Film français de Thierry Ragobert
Documentaire


Sélection Biennale de Venise et Festival de Toronto


Par Henri Lanoë
 
Sortie le 27-11-2013

Durée: 1h25

 

Origine du Monde

Thierry Ragobert, documentariste ambitieux et chevronné, repousse avec Amazonia les limites des paris impossibles mais gagnés. A la tête d’une équipe de 80 personnes, durant près de cinq ans, il a décidé de nous plonger dans l’immense forêt amazonienne en nous offrant un extraordinaire panorama de la flore et de la faune locale qui se développent dans la pénombre des arbres gigantesques ruisselant sous les averses diluviennes d’orages successifs (et ce n'est pas le port des lunettes 3D qui va y ajouter de la clarté). On ne peut qu’admirer la qualité des images et des sons maîtrisés dans des conditions aussi difficiles. Soutenu par ces atouts essentiels, le film prend le pari audacieux de se passer de commentaire durant un long prologue. Nous échappons ainsi à l’anthropomorphisme qui sévit généralement dans ce genre d’entreprise et partageons, in situ, les découvertes d’un jeune singe capucin, rescapé d’un crash aérien, qui découvre avec nous cet immense territoire hostile dans lequel son espèce ne figure pas. Les premières séquences peuplées de cris d’animaux divers qu’on ne voit pas, mais qui nous frôlent, immergent le spectateur dans un réalisme qui nourrit son angoisse - ou son émerveillement - selon les espèces rencontrées.

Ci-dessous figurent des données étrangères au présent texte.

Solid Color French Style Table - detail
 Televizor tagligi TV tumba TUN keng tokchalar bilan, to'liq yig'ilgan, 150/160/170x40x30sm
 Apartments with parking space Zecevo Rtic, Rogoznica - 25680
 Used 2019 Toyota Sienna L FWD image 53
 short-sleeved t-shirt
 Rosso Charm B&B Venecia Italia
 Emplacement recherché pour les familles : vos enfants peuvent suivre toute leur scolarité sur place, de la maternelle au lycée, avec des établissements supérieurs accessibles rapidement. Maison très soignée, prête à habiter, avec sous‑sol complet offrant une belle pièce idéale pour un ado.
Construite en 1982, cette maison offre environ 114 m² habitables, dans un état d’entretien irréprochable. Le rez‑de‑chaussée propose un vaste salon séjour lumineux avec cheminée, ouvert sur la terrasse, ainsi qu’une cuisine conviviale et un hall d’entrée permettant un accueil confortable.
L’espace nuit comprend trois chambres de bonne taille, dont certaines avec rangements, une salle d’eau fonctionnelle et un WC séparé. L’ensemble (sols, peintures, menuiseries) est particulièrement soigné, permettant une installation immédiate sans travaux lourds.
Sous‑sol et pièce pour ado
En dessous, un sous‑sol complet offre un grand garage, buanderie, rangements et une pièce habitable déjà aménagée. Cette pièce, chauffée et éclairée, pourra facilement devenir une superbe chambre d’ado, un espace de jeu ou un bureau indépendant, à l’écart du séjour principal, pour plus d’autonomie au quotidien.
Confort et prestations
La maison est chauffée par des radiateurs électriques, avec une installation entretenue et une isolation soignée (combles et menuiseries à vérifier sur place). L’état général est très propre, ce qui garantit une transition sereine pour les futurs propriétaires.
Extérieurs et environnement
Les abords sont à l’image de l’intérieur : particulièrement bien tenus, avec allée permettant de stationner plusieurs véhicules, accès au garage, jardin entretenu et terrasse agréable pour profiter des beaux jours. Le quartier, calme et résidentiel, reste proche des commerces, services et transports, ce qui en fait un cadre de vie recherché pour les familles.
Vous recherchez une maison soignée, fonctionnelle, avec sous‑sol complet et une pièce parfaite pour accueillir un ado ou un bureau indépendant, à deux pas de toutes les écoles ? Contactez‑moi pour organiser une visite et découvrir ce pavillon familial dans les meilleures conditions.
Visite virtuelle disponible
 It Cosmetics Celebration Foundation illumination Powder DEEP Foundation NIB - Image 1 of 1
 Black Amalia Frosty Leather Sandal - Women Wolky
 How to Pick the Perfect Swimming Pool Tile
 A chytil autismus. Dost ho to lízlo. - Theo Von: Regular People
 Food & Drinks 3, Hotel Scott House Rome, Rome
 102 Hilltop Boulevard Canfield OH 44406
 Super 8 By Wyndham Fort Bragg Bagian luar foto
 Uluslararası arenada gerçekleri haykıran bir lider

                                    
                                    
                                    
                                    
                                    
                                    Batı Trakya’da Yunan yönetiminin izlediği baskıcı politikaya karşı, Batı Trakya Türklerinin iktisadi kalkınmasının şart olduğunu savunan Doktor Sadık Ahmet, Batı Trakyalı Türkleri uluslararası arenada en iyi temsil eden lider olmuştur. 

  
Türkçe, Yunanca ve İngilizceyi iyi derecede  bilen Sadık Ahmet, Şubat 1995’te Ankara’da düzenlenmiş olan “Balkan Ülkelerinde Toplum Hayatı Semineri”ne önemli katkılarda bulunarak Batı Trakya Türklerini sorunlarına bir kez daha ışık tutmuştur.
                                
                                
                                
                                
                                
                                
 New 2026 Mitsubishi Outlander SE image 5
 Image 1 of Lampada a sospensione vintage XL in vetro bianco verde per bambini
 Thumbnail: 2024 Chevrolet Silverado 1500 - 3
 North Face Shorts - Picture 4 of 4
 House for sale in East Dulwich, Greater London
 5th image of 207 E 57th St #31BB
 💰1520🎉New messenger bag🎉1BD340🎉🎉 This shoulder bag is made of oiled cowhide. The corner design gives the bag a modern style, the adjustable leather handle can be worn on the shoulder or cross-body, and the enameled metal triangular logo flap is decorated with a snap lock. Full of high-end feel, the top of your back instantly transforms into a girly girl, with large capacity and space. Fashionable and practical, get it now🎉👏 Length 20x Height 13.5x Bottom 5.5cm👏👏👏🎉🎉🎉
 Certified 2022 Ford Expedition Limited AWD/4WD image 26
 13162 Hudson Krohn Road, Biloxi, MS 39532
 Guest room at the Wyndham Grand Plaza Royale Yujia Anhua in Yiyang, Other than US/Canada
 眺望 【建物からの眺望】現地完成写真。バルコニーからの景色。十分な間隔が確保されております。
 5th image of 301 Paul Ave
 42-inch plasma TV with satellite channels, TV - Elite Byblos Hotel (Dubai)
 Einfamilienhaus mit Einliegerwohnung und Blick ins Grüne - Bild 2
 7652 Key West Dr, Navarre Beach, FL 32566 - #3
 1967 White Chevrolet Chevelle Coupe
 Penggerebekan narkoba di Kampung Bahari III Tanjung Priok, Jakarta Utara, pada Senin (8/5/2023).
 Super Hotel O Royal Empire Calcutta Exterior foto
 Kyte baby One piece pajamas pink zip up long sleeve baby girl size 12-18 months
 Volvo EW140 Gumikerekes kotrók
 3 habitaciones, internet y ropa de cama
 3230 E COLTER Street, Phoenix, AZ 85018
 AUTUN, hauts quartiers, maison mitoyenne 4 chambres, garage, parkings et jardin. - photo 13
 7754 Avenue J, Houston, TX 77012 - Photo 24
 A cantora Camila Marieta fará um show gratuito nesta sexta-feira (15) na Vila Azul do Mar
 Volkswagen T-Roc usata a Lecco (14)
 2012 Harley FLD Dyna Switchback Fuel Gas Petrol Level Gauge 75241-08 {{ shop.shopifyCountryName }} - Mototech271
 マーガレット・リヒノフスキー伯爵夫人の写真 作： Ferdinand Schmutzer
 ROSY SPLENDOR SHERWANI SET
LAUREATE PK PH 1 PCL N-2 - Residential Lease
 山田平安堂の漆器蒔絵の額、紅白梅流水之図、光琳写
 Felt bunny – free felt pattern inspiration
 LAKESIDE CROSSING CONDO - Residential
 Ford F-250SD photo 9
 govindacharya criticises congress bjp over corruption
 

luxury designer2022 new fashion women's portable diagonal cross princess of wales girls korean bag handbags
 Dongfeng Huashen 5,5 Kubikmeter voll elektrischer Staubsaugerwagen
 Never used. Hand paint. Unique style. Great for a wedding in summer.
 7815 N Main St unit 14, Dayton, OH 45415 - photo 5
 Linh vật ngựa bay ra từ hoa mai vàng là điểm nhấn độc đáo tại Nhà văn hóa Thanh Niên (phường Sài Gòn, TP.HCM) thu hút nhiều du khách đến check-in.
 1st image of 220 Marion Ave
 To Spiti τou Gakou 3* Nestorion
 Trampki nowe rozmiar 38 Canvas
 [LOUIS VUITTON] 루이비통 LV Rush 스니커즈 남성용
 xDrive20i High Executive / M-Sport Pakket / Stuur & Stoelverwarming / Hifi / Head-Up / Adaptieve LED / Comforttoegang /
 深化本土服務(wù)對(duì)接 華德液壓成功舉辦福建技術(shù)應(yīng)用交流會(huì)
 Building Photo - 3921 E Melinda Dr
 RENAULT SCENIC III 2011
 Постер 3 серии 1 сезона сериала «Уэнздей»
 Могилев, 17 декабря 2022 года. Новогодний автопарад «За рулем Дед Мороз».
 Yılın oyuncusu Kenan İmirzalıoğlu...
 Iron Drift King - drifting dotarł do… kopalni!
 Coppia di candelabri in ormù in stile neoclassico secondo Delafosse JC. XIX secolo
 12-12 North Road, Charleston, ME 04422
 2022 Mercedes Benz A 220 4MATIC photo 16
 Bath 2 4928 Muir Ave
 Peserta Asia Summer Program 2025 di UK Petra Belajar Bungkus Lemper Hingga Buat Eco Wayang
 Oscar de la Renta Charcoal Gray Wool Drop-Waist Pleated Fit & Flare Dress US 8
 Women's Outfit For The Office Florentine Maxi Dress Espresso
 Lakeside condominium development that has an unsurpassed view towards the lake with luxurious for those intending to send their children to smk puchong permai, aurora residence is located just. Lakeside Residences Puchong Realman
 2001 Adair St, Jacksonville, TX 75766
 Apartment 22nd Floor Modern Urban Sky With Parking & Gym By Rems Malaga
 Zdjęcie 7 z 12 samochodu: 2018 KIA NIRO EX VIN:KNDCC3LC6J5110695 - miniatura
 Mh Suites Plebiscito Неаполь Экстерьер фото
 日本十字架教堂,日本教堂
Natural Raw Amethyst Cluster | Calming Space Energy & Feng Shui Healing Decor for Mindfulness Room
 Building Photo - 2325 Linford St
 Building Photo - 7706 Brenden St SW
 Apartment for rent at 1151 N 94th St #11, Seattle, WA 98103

Malheureusement, Thierry Ragobert n’a pas cru pouvoir maintenir ce cap rigoureux et la musique ne tarde pas à s’infiltrer dans le récit, prenant la place d'un commentaire dont on se passait très bien. Le talent de Bruno Coulais n’est pas en cause, mais les interventions d’un orchestre symphonique dans cet univers où règnent grognements, feulements et crissements divers « civilisent » la sauvagerie de cette inquiétante forêt et font basculer Amazonia dans le registre plus banal du documentaire de cinéma disneyen auquel il pouvait échapper. Espérons que cette réserve, toute personnelle, ne sera pas ressentie par l’ensemble des spectateurs et qu’ils sauront apprécier les qualités de ce film-exploit, fruit des efforts conjugués d’une équipe qui ne mérite, par ailleurs, que des compliments.